Plotting with ggplot2

library(tidyverse)

Practice with irises

ggplot(iris, aes(x = Petal.Length, y = Petal.Width)) +
  geom_point()

Start with just data and coordinates

ggplot(iris, aes(x = Petal.Length, y = Petal.Width)) 

Add in points to show data, along with color and a linear model

ggplot(iris, aes(x = Petal.Length, y = Petal.Width)) +
  geom_point()

ggplot(iris, aes(x = Petal.Length, y = Petal.Width, color = Species)) +
  geom_point() 

ggplot(iris, aes(x = Petal.Length, y = Petal.Width, color = Species)) +
  geom_point() +
  geom_smooth(method = "lm")

ggplot(iris, aes(x = Petal.Length, y = Petal.Width)) +
  geom_point(aes(color = Species)) +
  geom_smooth(method = "lm")

Activity 1


Looking at a new dataset

diamonds

Start simple, single variable

Histograms

ggplot(diamonds, aes(x = carat)) +
  geom_histogram()

Adjust binwidth as necessary

ggplot(diamonds, aes(x = carat)) +
  geom_histogram(bins = 40)

ggplot(diamonds, aes(x = carat)) +
  geom_histogram(bins = 10)

ggplot(diamonds, aes(x = carat)) +
  geom_histogram(bins = 15)

Quick color adjustment

Color is different from Fill

ggplot(diamonds, aes(x = carat)) +
  geom_histogram(bins = 15, color = "black", fill = "steelblue")

Activity 2


Categorical Variables

Bar plots, defaults to stat = “count”

ggplot(diamonds, aes(x = cut)) +
  geom_bar()

ggplot(diamonds, aes(x = cut)) +
  geom_bar(stat = "count")

Boxplots

ggplot(diamonds, aes(x = cut, y = price)) +
  geom_boxplot()

Violin plots

ggplot(diamonds, aes(x = cut, y = price)) +
  geom_violin()

Other features of ggplot2

Starting with a basic scatterplot

ggplot(diamonds, aes(x = carat, y = price)) +
  geom_point()

Plotting in Layers

Points created first, line drawn on top

ggplot(diamonds, aes(x = carat, y = price)) +
  geom_point() +
  geom_smooth()

Line created first, points drawn on top

ggplot(diamonds, aes(x = carat, y = price)) +
  geom_smooth() + 
  geom_point() 

Using Color

This applies the color to everything - global ggplot call carries to all geom_*

ggplot(diamonds, aes(x = carat, y = price, color = cut)) +
  geom_point() +
  geom_smooth()

If we want to color the points based on the cut of the diamond:

This doesn’t work.

ggplot(diamonds, aes(x = carat, y = price)) +
  geom_point(color = cut) +
  geom_smooth()

This does! Using the data to color the data requires the aes() function

ggplot(diamonds, aes(x = carat, y = price)) +
  geom_point(aes(color = cut)) +
  geom_smooth()

This changes all of the points to a single color

ggplot(diamonds, aes(x = carat, y = price)) +
  geom_point(color = "orange") +
  geom_smooth()

This creates a color based on one value, “orange.” It doesn’t involve the color “orange” at all.

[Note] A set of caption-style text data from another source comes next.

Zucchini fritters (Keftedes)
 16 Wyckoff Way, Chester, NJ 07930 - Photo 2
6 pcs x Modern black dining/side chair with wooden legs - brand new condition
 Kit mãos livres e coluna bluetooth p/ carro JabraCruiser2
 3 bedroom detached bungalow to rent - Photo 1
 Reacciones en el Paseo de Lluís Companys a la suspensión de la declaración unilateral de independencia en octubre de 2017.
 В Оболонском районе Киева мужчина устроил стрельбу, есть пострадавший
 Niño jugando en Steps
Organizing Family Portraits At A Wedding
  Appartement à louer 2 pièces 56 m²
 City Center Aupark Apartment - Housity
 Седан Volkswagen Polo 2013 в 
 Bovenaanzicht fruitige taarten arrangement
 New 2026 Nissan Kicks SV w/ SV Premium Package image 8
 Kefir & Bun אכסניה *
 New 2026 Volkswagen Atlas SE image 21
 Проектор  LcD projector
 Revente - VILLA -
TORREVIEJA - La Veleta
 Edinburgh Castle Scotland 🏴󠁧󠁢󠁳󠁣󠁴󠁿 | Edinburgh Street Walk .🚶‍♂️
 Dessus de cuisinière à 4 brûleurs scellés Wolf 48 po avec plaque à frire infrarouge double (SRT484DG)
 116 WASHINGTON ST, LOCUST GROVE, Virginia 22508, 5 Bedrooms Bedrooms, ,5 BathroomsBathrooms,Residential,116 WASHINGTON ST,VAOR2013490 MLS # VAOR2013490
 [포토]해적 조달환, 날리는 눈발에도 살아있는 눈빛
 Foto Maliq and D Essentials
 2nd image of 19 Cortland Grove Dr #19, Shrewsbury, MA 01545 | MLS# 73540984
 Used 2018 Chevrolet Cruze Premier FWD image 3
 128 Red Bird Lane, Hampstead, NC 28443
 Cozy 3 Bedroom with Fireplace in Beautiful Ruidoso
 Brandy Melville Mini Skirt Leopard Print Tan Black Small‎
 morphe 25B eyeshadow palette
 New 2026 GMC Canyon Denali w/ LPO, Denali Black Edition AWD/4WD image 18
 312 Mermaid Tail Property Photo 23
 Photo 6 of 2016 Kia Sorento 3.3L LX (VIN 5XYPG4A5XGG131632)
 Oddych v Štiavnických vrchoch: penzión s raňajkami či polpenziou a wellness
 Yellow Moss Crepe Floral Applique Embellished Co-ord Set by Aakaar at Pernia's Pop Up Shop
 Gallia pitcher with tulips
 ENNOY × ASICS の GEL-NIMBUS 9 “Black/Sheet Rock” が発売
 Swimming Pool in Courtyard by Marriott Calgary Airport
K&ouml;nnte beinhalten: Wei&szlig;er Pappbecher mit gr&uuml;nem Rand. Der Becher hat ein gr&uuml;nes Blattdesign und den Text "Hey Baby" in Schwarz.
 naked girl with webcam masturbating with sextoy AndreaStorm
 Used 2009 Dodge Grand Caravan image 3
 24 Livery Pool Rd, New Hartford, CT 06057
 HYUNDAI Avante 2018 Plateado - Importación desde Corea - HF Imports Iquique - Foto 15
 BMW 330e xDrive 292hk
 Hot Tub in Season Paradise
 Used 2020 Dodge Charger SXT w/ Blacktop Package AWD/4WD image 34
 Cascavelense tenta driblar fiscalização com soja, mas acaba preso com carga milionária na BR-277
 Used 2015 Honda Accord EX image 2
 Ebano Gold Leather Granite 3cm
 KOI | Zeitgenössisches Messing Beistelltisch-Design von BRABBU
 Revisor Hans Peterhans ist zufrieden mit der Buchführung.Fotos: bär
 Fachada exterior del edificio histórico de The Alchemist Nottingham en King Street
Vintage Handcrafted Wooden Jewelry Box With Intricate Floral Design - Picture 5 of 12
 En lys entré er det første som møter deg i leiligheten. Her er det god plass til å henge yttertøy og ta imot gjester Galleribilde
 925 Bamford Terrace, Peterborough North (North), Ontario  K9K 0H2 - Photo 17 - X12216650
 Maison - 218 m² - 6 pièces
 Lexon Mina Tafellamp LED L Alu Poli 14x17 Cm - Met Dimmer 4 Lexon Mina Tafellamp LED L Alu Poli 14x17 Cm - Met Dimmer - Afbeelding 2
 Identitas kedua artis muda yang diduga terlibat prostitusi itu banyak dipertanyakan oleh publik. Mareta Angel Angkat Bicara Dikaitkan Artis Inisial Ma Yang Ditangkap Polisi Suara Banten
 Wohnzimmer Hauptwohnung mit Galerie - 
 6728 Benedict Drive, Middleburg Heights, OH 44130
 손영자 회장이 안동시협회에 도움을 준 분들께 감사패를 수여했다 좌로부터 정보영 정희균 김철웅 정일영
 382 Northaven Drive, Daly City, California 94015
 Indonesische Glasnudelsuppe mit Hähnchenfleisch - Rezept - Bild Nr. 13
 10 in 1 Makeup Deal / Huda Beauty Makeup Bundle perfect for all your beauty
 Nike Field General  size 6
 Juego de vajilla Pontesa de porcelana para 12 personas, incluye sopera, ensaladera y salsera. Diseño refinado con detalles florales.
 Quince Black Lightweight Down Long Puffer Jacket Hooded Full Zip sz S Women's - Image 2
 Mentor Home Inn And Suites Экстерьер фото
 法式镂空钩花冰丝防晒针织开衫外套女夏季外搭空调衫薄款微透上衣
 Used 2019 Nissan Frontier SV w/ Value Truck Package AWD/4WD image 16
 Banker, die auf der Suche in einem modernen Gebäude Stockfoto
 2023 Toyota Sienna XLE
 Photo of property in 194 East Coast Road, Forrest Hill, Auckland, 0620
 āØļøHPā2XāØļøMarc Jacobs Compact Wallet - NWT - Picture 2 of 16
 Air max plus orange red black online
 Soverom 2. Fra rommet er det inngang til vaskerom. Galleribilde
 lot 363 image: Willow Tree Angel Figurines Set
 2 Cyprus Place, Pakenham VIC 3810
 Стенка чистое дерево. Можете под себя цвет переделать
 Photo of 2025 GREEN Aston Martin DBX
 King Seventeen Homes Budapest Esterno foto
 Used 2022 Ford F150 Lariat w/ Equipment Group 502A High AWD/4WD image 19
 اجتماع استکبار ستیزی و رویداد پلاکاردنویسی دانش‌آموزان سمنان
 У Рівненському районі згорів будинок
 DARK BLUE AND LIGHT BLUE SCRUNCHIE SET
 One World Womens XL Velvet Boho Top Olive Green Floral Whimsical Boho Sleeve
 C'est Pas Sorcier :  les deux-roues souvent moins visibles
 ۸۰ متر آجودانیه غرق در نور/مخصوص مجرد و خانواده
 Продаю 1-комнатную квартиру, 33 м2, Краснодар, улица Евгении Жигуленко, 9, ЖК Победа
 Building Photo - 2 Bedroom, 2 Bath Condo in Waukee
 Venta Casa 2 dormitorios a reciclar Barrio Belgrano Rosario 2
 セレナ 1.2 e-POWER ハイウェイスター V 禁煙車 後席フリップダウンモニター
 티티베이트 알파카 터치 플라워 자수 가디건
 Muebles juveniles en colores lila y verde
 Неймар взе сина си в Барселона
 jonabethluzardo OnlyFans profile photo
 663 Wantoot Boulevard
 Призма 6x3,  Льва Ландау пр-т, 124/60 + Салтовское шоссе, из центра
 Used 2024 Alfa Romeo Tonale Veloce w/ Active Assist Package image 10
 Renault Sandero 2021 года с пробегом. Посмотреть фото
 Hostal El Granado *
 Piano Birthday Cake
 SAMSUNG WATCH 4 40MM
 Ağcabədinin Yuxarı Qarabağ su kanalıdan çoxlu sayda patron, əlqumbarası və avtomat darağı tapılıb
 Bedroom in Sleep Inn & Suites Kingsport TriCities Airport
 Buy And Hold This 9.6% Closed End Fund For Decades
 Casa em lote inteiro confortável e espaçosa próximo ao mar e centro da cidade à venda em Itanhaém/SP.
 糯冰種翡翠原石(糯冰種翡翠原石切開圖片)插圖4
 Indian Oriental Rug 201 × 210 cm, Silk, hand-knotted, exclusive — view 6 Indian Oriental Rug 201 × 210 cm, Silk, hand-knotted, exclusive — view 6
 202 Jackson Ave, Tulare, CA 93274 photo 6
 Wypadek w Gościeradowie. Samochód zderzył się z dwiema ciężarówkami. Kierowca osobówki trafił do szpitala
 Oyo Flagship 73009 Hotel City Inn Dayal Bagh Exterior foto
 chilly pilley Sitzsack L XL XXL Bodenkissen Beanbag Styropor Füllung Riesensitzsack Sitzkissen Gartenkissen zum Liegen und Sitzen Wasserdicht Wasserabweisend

ggplot(diamonds, aes(x = carat, y = price)) +
  geom_point(aes(color = "orange")) +
  geom_smooth()

Colors can be continuous

ggplot(diamonds, aes(x = carat, y = price)) +
  geom_point(aes(color = table)) 

Labels, Legends, and Themes

Titles and labels

ggplot(diamonds, aes(x = carat, y = price)) +
  geom_point(aes(color = table)) +
  labs(
    x = "Carat",
    y = "Price (USD)",
    title = "Price vs. Carat",
    subtitle = "Data from ggplot2",
    caption = "This is a caption",
    color = "Table of Diamond"
  )

Legend / color customization

We can customize the colors used in our plots. For instance, scale_color_continuous allows us to set high and low values

ggplot(diamonds, aes(x = carat, y = price)) +
  geom_point(aes(color = table)) +
  labs(
    x = "Carat",
    y = "Price (USD)",
    title = "Price vs. Carat",
    subtitle = "Data from ggplot2",
    caption = "This is a caption",
    color = "Table of Diamond"
  ) +
  scale_color_continuous(
    low = "yellow",
    high = "blue"
  )

Using built-in themes

ggplot(diamonds, aes(x = carat, y = price)) +
  geom_point(aes(color = table)) +
  labs(
    x = "Carat",
    y = "Price (USD)",
    title = "Price vs. Carat",
    subtitle = "Data from ggplot2",
    caption = "This is a caption",
    color = "Table of Diamond"
  ) +
  scale_color_continuous(
    low = "yellow",
    high = "blue"
  ) +
  theme_dark()

ggplot(diamonds, aes(x = carat, y = price)) +
  geom_point(aes(color = table)) +
  labs(
    x = "Carat",
    y = "Price (USD)",
    title = "Price vs. Carat",
    subtitle = "Data from ggplot2",
    caption = "This is a caption",
    color = "Table of Diamond"
  ) +
  scale_color_continuous(
    low = "yellow",
    high = "blue"
  ) +
  theme_bw()

Facets / Small Multiples

Facet with one variable using facet_wrap()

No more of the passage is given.